# Red Snapper???



## dragynfyer (Oct 7, 2009)

Okay, my husband and I went fishing a few months back and caught some red snapper, cut them into fillets, and froze them. now I want to cook them. I would prefer it not be deep fried. My question is what are some good herbs or spices that go well with red snapper? any marinades? and also, any recipes? I am looking to make it with a side of rice and a fresh vegetable. keep in mind I have never cooked fish so any advice or anything would be appreciated.

And last question, the fillet's are completely frozen, about 6-8 in a baggy. how would i go about thawing the fish out without it going bad?

Any help is greatly appreciated. thank you.


----------



## kyheirloomer (Feb 1, 2007)

Red snapper is a very versatile fish, that can be prepared in innumerable ways. Personally, the last thing I would do is bread and deep fry it. Broiling, pan frying, and grilling are better approaches, IMO.

But let me address your other questions.

Fish should always be defrosted slowly, in the fridge. Do not use the oft-heard advice to defrost it under running water. Sure, it will defrost that way. And also leech out the flavor.

When you cook fish, by any method, the rule of thumb is to cook it ten minutes per inch of thickness, at the thickest point. Fish can dry out very quickly, and to go much past that point can ruin it's texture and flavor.

One problem that often occurs, especially with larger fish, is that the filet thickness tapers quickly as you move towards the tail. Best bet, in that circumstance, is to split the filets so you wind up cooking the thick portions together and the thin portions together. That way you get even cooking.

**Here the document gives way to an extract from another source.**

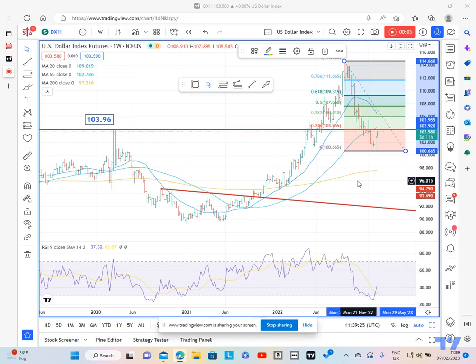Hi, this morning we're looking at the dollar index and we're doing a back-to-basics video again on the key reversal. The reason we're looking at it is because I was contacted by somebody on TradingView asking me whether the price action on the US dollar index weekly chart constituted a key week reversal.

BTW, when catching my own I mostly leave them in the round. That way I keep my options open as to preparing them. Lots of snapper recipes start with whole fish.

But here's a couple of things you can do with the filets:

*Baked Red Snapper*

Arrange 3 thin slices of onion, speated into rings, in the bottom of a buttered large gratin dish. Arrange 1 pound red snapper filets over the onions in one layer, sprinkle them with salt and white pepper, and pour 1/4 cup olive oil over them.

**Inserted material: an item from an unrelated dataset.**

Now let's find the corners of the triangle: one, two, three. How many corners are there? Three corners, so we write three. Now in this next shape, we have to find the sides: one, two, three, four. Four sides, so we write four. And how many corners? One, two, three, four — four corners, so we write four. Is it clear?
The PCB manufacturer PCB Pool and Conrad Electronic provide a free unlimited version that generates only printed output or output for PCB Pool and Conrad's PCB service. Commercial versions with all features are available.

In a bowl combine 1/2 cup each of dry white wine and veloute sauce made with fish stock. Pour the mixture over the filets and sprinkle with a couple tablespoons ground almonds. Top with 6 green pepper rings.

Bring the liquid to a boil, and transfer the dish to a 350F overn. Bake 15-20 minutes until fish flakes easily with a fork.

*Captain Bill's Baby Snapper Filets Marker 88*

Peel and thinly slice two tomatoes. Arrange the slices in 4 buttered individual gratin dishes and sprinkle each dish with three tablespoons fresh bread crumbs seasoned with salt and pepper. Divide 1 1/2 ounds small red snapper filets among the dishes.

In a suacepan combine 1/2 cup white Port, 1/2 stick butter, and 1 teaspoon lemon or lime juice. Cook the mixture over low heat until the butter melts, increase heat to moderate, and boil the mixture three minutes.

Divide the mixture among the filets and sprinkle each with two tablesoons freshly grated Parmesan and paprika to taste.

Bake the fish in a 500F oven for ten minutes.


----------